◆ **THE PROBLEM**:
Whenever a line below includes the word "with", copy that line.

Scraped caption text data
BEGIN
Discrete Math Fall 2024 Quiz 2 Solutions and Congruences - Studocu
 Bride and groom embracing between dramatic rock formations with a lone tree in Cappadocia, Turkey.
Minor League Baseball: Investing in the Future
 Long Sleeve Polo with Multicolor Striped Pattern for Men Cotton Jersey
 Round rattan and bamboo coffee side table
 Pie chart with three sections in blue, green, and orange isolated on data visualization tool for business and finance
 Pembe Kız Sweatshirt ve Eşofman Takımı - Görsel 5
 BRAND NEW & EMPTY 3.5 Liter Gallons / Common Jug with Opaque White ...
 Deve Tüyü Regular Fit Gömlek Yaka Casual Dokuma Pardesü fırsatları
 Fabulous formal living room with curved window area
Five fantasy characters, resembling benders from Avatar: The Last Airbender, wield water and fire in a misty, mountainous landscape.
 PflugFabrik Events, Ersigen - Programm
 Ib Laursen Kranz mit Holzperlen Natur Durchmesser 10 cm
END
◆ **OUTPUT FOR THIS TASK**:
 Bride and groom embracing between dramatic rock formations with a lone tree in Cappadocia, Turkey.
 Long Sleeve Polo with Multicolor Striped Pattern for Men Cotton Jersey
 Pie chart with three sections in blue, green, and orange isolated on data visualization tool for business and finance
 BRAND NEW & EMPTY 3.5 Liter Gallons / Common Jug with Opaque White ...
 Fabulous formal living room with curved window area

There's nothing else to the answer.